Not all pilgrimages to Assisi are Catholic, or even religious in any traditional sense. In recent years, a number of organizations have held retreats here focusing on the sort of eclectic forms of spirituality often categorized under the label of New Age.
“We found the energy in this place to be absolutely amazing in the purity of spiritual vibration,” says the website of the Shared Heart Foundation, based in Santa Cruz County, Calif., which will soon hold its third retreat in Assisi.
Peggy Husch Rothschild, of Newton Centre, Mass., joined a Shared Heart group for a week last October, staying in rented rooms at a convent close by the Basilica of San Francesco.
“In small group discussion and in large group meditation, in song, and sometimes in dance, we opened up to places within ourselves that had been closed, sometimes for many years,” said Rothschild, who is Jewish.
Her group also visited sites important in the life of St.
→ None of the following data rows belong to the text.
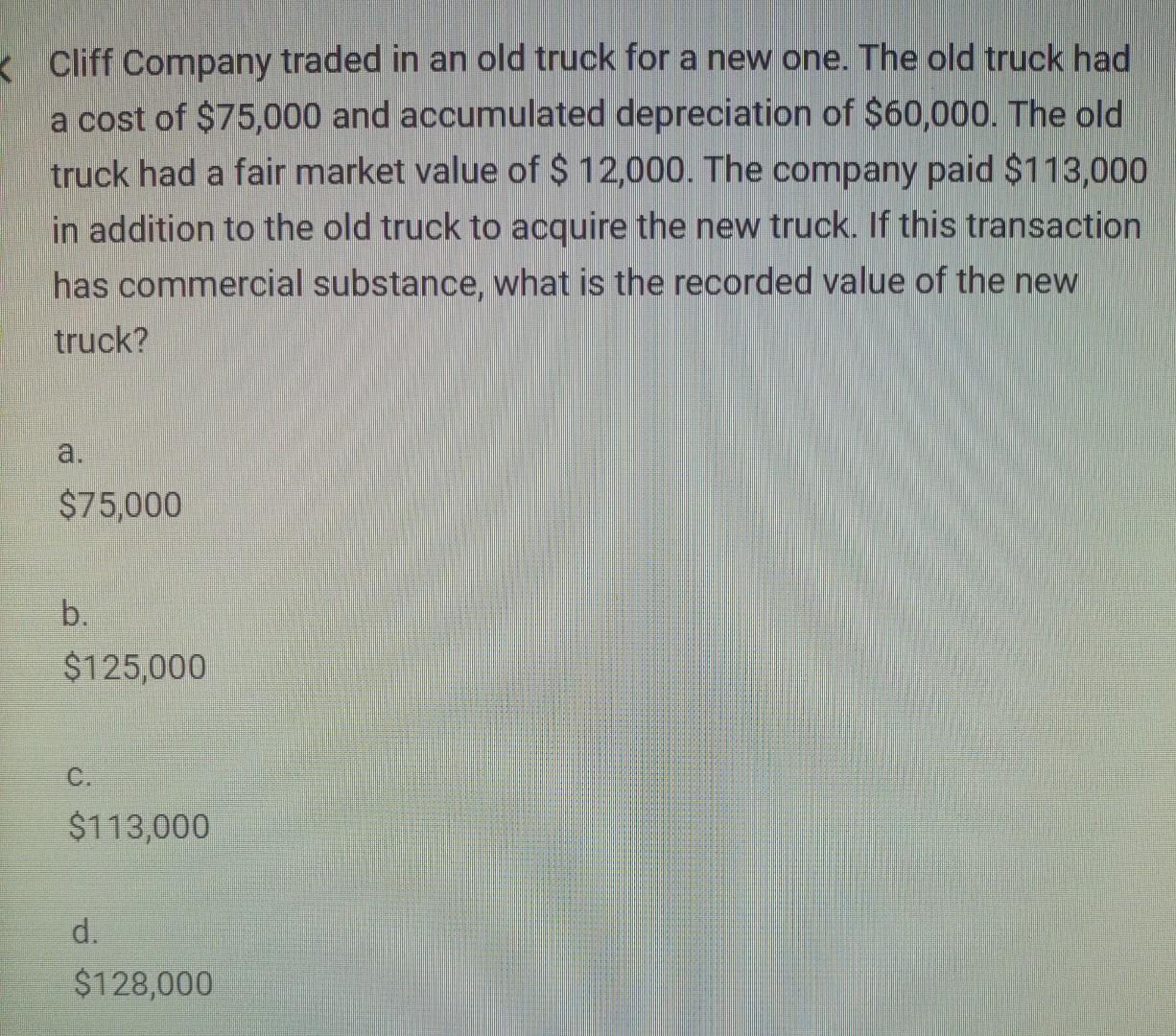 solved-cliff-company-traded-in-an-old-truck-for-a-new-one-chegg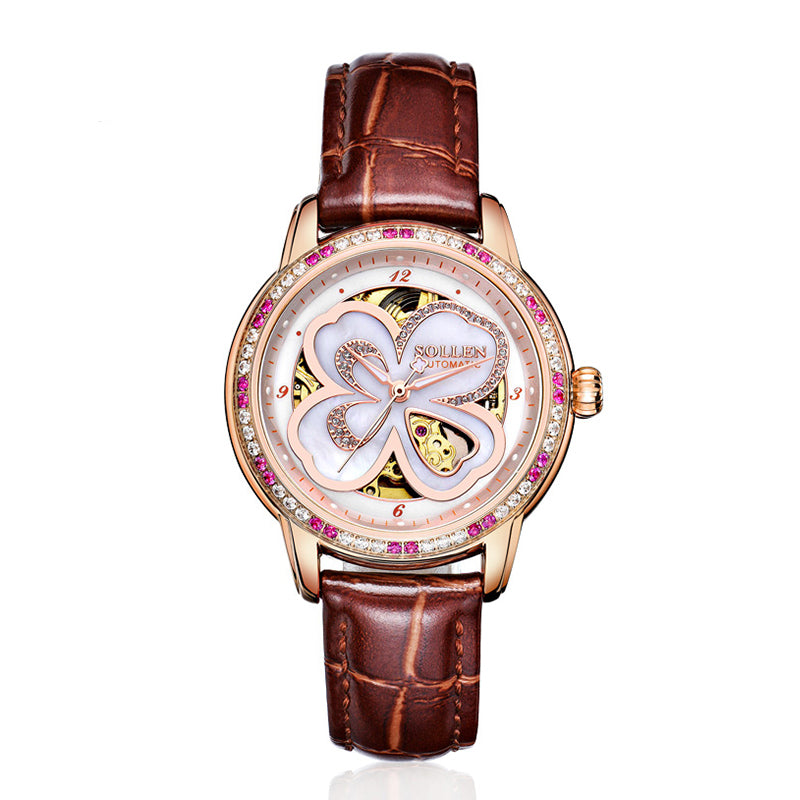 Sollen SL405 Women's Four-Leaf Clover Skeleton Automatic Watch - 35mm Crystal Bezel Mother of Pearl Dial Leather Strap Wristwatch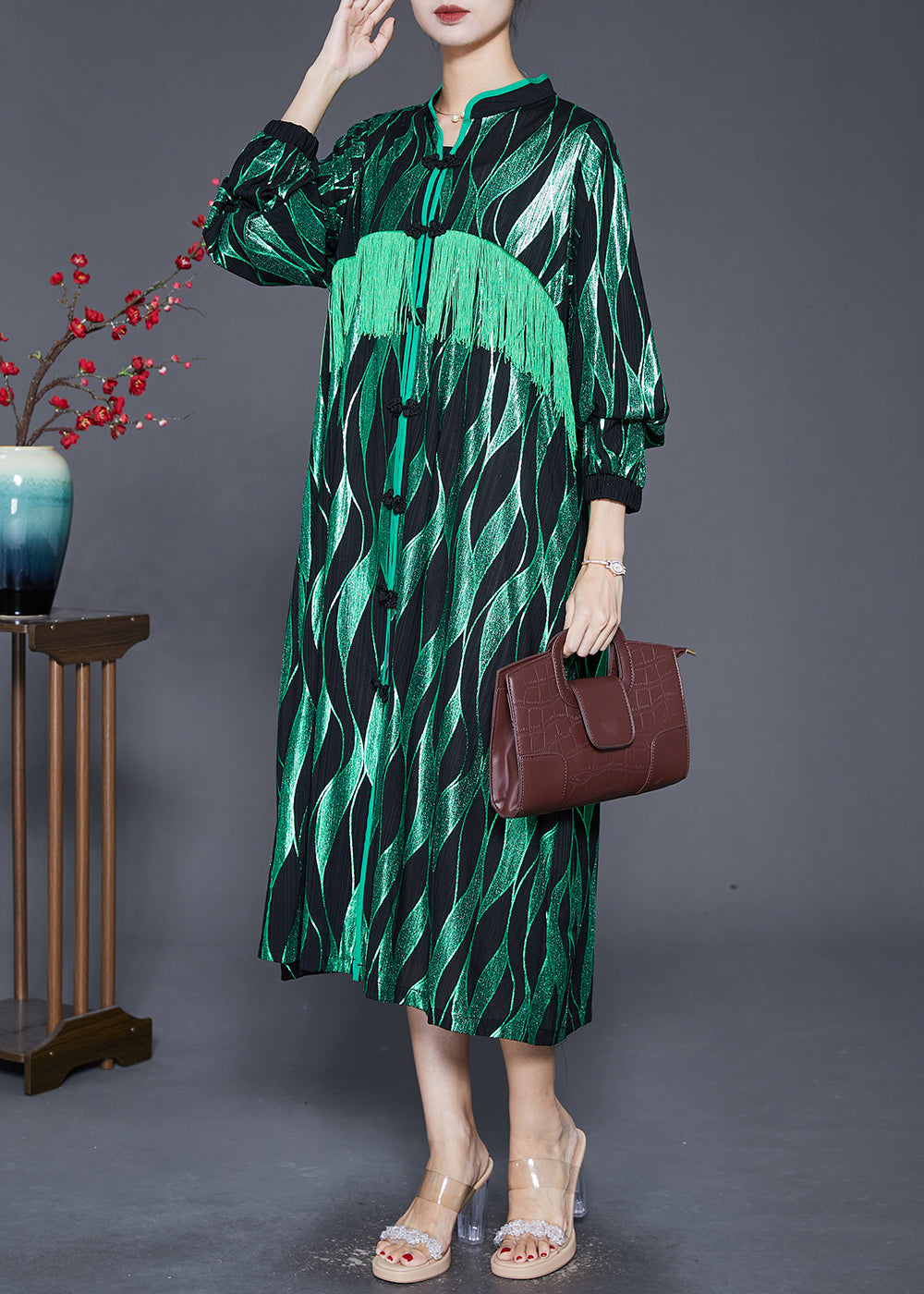 Elegant Green Striped Tasseled Chinese Button Silk Maxi Dresses Fall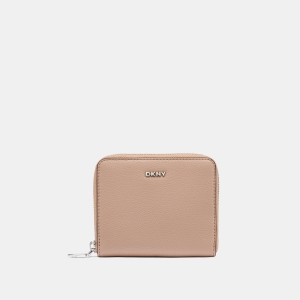 DKNY PAULA SMALL ZIP AROUND WALLET - Cappuccino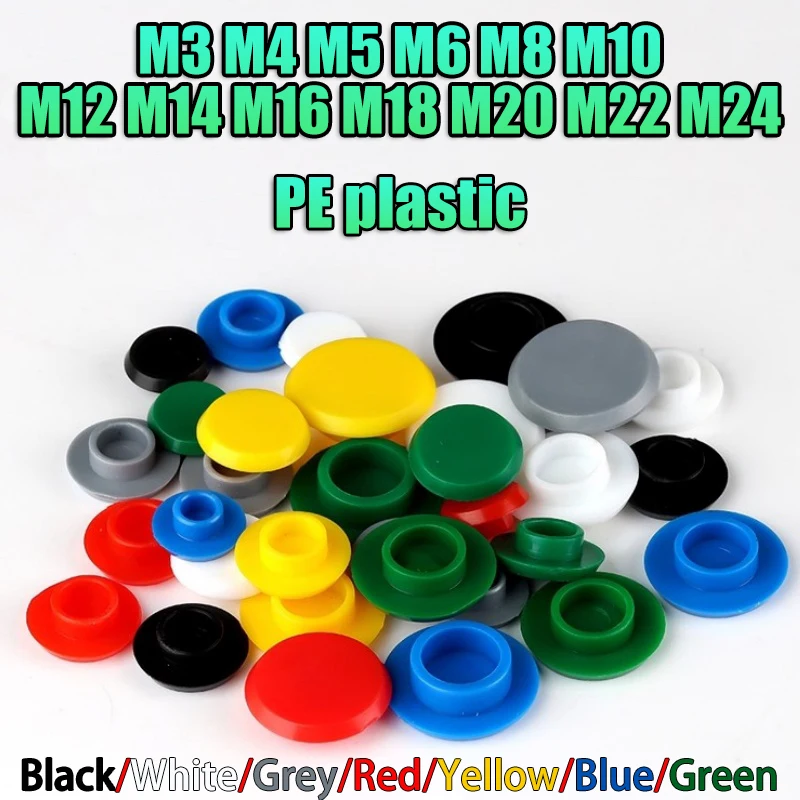Protective Caps For Screws Hexagonal Socket Screw Hard Pe Material Cover Dust Plug Decorative Cover Waterproof Cover Rust M3~m24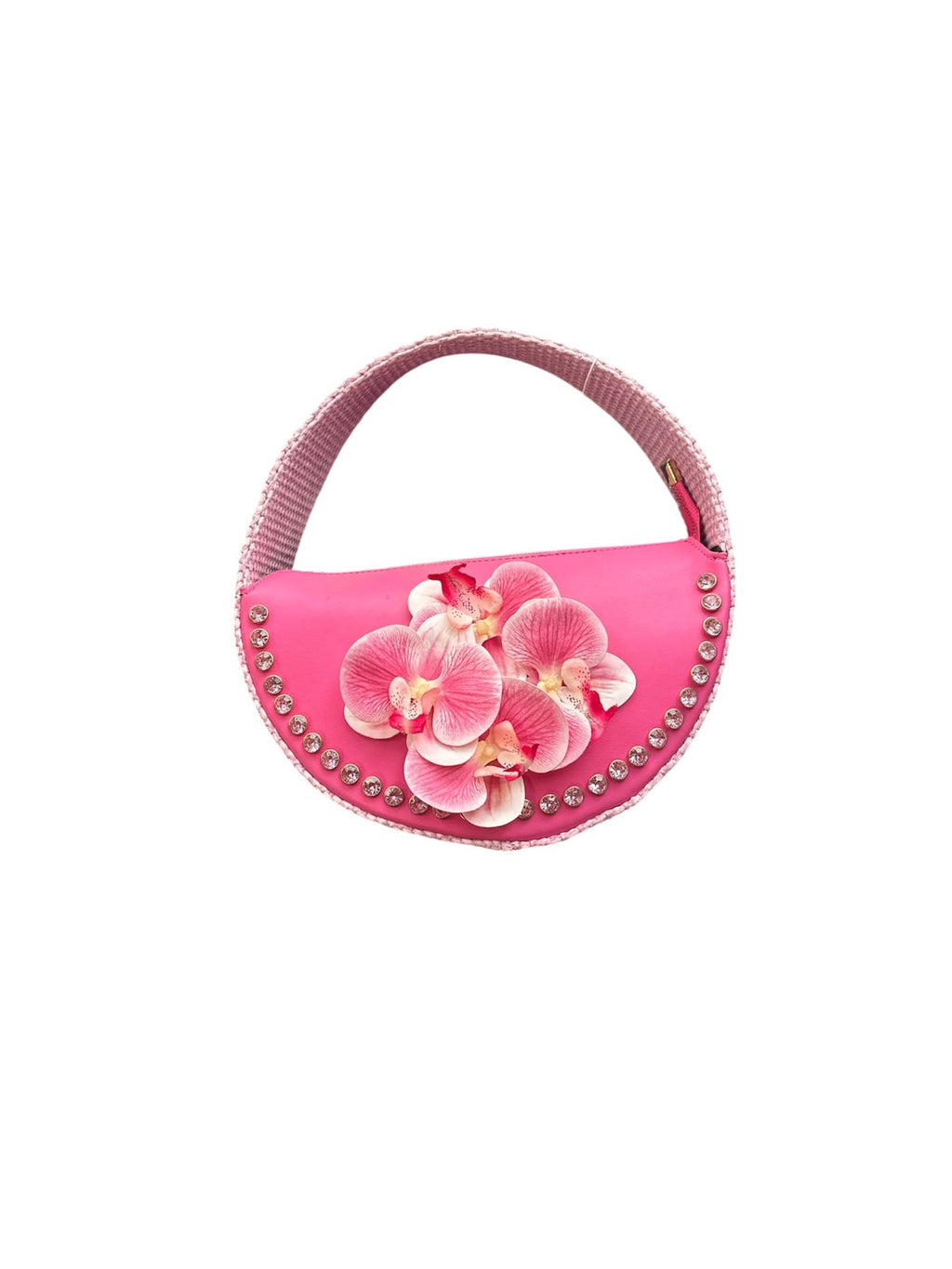 Petal Glow Half-Moon Handbag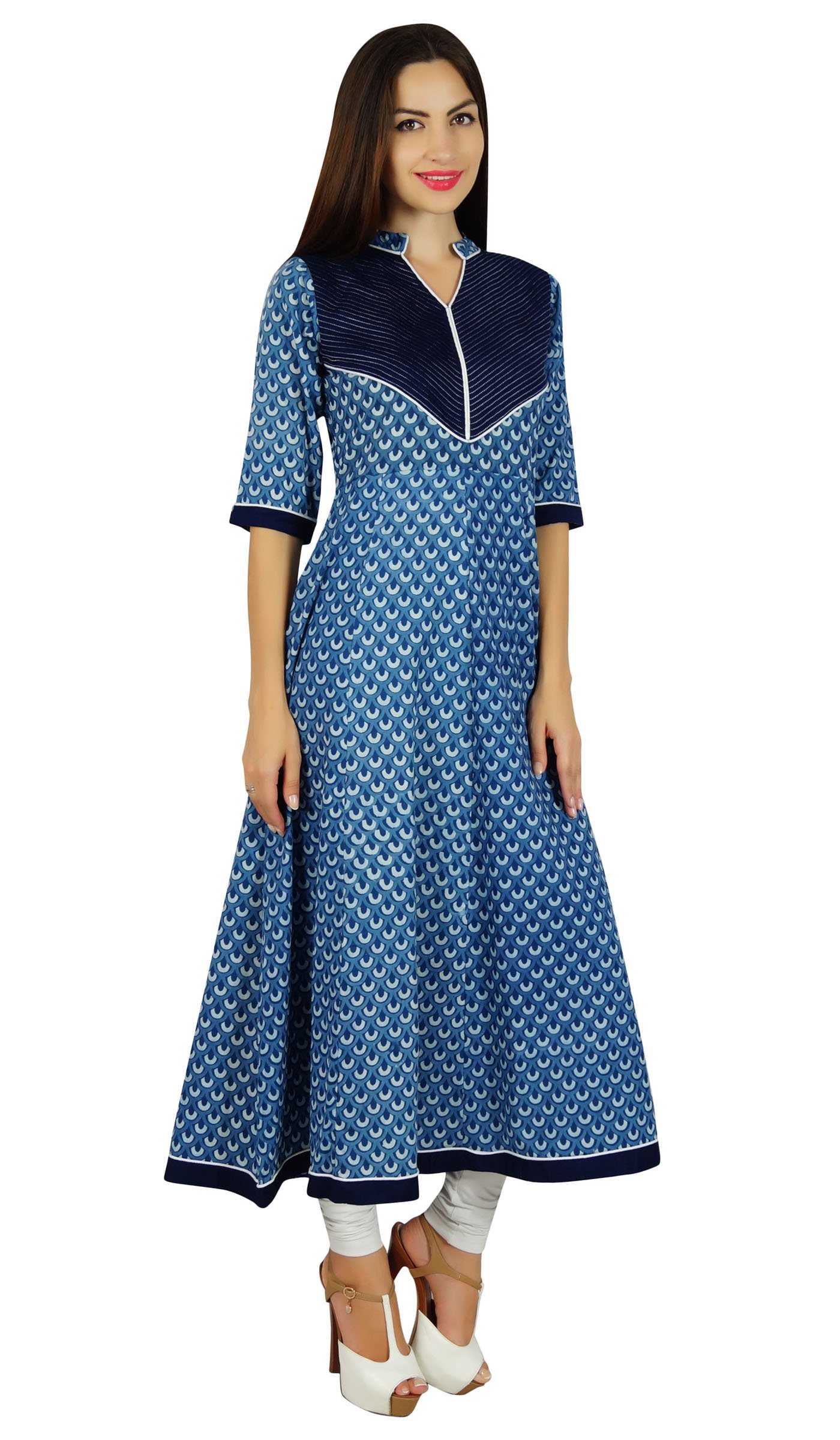 Bimba Women's Ethnic Printed Blue Anarkali Kurta - Block Print Designer Kurti for Casual Wear & Festive Occasions | Perfect for Diwali, Weddings & Cultural Events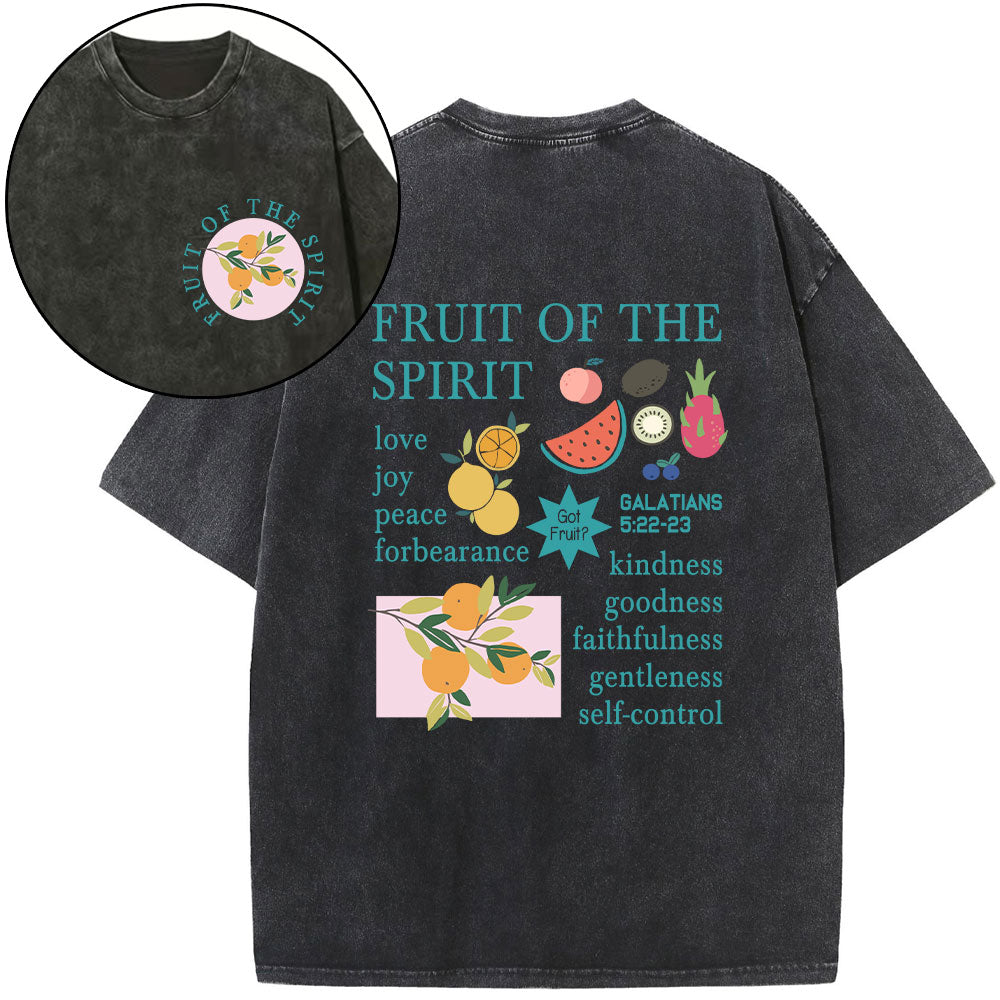 Fruits Of The Spirit Christian Washed T-Shirt Sale - GuidingCross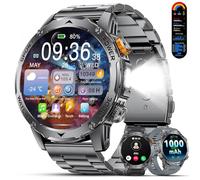 LIGE Montre Connectée Homme avec 1,75'' HD Écran/1000mAh Batterie/LED Lampe,Smartwatch Homme avec 100+ Modes Sportifs/IP68,24/7 Moniteur de Fréquence Cardiaque et Sommeil pour Android iOS 3 Bracelets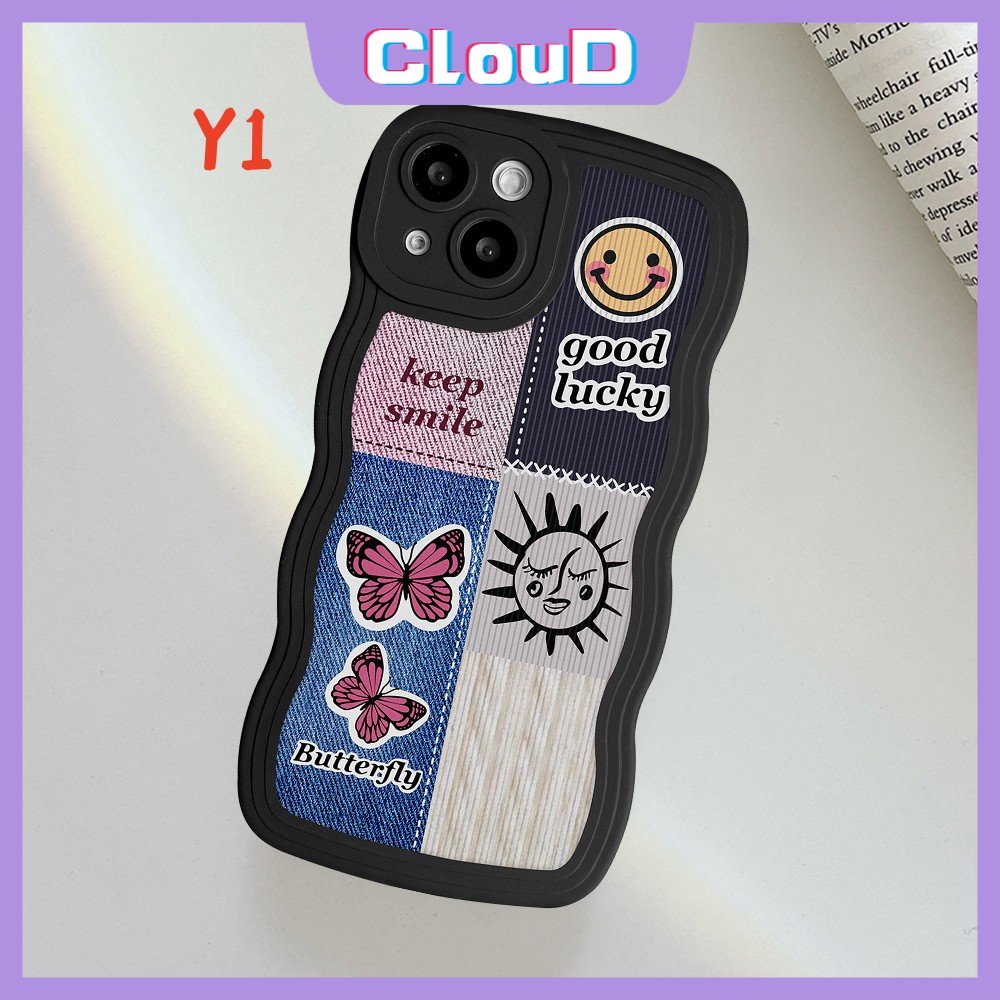 Splice Pattern Cowboy Smiley Case Redmi Note 11s 10 8 11 10s 9s 9Pro 9 11Pro+10Pro Max PO CO M3 X3 NFC Mi 11T Pro Redmi A1 9 A1+9T 10C 9A 10 10A 9C NFC Butterfly Wavy Sarung Tepi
Francis, including the cave which he used as a hermitage, and the tiny chapel of the Porziuncola (now encased in the Basilica of Santa Maria degli Angeli), where he founded the Franciscan movement.
Assisi also draws visitors with purely secular interests, of course. The rolling Umbrian countryside is ideal for hiking, and a 25-mile “path of peace” recreates Francis’ trips from Assisi to the town of Gubbio, where legend has it that he pacified a wolf that had been terrorizing the locals.
Like most places in Italy, Assisi offers excellent cuisine, including several local specialties featuring truffles. Recommended restaurants include the Trattoria Pallotta and the more formal Ristorante San Francesco Assisi, whose dining room features a panoramic view of the basilica and the square in front.
About 85 percent of visitors to Assisi are day-trippers (Rome and Florence are both about two and a half hours away by train), so the town falls quiet at night, providing an opportunity for more intimate acquaintance with its steep, narrow medieval streets.
Eighteen convents offer rooms for visitors, with a minimum of two-night stay, at generally modest prices, though often with the limitation of a curfew. A more luxurious taste of monastic life is available at the Nun Assisi Relais and Spa, a five-star establishment inside a converted 13th-century convent.
Such upscale digs might seem scandalously incongruous with the Franciscan ideal of holy poverty. For at least one believer, however, there is something providential even in the town’s worldly attractions.
“I have some friends who complain about the army of irreligious tourists who now clog the city,” Collins said. “But I am happy that the city’s beauty, history, and inherent religiosity have the opportunity to touch them, to give them a small taste of the divine.”